例えば何か酷い目に遭っている人を見た時「その状況には何らかの理由があり、本人に原因があるに違いない」と考えてしまったり、反射的に「ああならないようにしよう」と反面教師にしようとする認知バイアスだの事だ。なにか凶悪事件が起きた際には、必ず「被害者が悪い」と逆張りする粗忽者が出てくるけど、それなんかモロにこれである。

婦女暴行系のニュースには特にそういうレスがつく。誘ったんだろうとか、売名行為だろうとか、合意の上だったんだろうとか。これなんか性差別と公平世界説のミクスチャーなので元気も2倍だ。

公平世界論者にとっては現実世界には不条理など存在せず、「起きること全てに原因があり」「被害者は後ろ暗いことがなければならない」のである。本人が世界の成り立ちをそういうふうに認知しておるので、これはもう仕方がない。

んでこれ、特殊な考え方かというと実はそうでもない。

日本には古来より「人を呪わば穴二つ」「自分で蒔いた種」といった考え方が定着しており、また我々の生活の根底に流れる仏教文化においては死生の捉え方について「輪廻転生・六道輪廻」の立場をとってる関係上「因果応報」という大前提がある。何か悪いことしたら基本自分に返ってきちゃうし、何もしなけりゃ基本的には何も起きない。もし何かあったら、それは気づかないうちに何かやらかしたか、あるいは前世のせいである。

というわけで、日本には知らず知らず「公平世界仮説」の観点から事件を語る人が非常に多いと思う。

一方海外はどうなのだというと、まあ多分そういう考え方の人もおるのだろう。が、おそらくキリスト教圏においては「不条理な苦難」というのを受け入れる下地というのが実はあって、それは聖書を見ても明らかだ。

これ系でピンとくるのは「ヨブ記」だろう。内容をざっくり説明すると、何も悪いことをしてねぇヨブくんが神々の遊びでめちゃんこ酷い目にあって信仰を試される話である。んで流石にヤバすぎる状況に陥ったヨブくんを指差し、友人たちは「何か罪を犯したからそうなってるんじゃないのか」と問い正すのだけど、その事に対して神が激怒すると。なんかそんな感じの話だ。最終的にヨブくんは幸せになるのだけども、この訓(おし)えというのはつまり「神は時に不条理も与える」が「信仰を失ってはいけない」という事なんだろうと思われる。ちなみに件の記をして「義人の苦悩」という呼び方をすることもあるとの事。つまりあっちの神はいたずらに「人を試す」のだ。お釈迦様とは偉い違いである。もっとみんなシャカラッシュ打ったほうがいい。
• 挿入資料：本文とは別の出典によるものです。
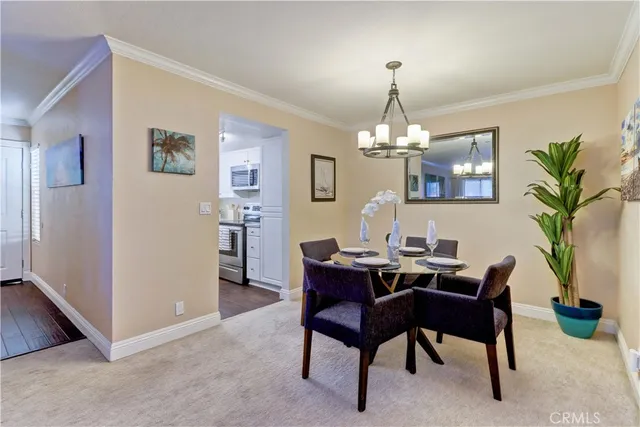 $585,000 | 25541 Indian Hill Lane, Unit O, Laguna Hills, CA 92653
とにかく、「不条理なことがあったとき」、少なくともキリスト教圏の人々はそれを飲み込み、不条理を不条理のまま受け入れて悼む、というのがある。お前に原因があるんじゃいとは言わないんだろう。まあ言う人もいるんだろうけど、割合的にはたぶん、日本人より少ないと思われる。

これはどっちが上とか下とかじゃなく、根本的な「世界のかたちの捉え方」なので仕方ない。世界観の問題なのだ。被害者叩き、というのの正体は、つまりはこれである。

さてパチンコの話をしよう。

ふと思ったんだけど、最近この「公平世界仮説」というのとギャンブルというのが、実はめちゃくちゃ相性がいいんじゃねぇかと思っている。少なくとも稼働という意味ではすげープラスに作用してんじゃねぇかと、そういうふうに思ってるのである。

例えばパチンコで遊タイムの発動2ゲーム前にクソみたいな当たりを引いたとしよう。

これ「不条理な不幸」である。普通に考えれば「ああこういうものなのね」とそれを受け入れてもうパチ屋には一切関わらないと思う。が、我々はまた関わってしまう。なぜか。不条理を受け入れないからである。それを跳ね除け、これだけ不幸な目にあってるのなら「きっと次は勝つに違いない」と、概念上の公平世界のバランスを取ろうとするのである。自分は何も悪いことはしてない。お行儀よく打ってる。なのにこんな酷い目にあうのは間違っている。救われるに違いない。

この考え方はお年寄りに特に多い。いわゆるオカルトであるが、これがホールを支えているガソリンの一部になっているのは間違いないと思う。

パチンコが国民の娯楽として定着したのは、もしかしたら「公平世界」の考え方が我々の中に広く定着してるからかもしれないな、と、旭川のいじめ自殺のスレで母親叩いてるド阿呆たちを見ながらそう思った次第。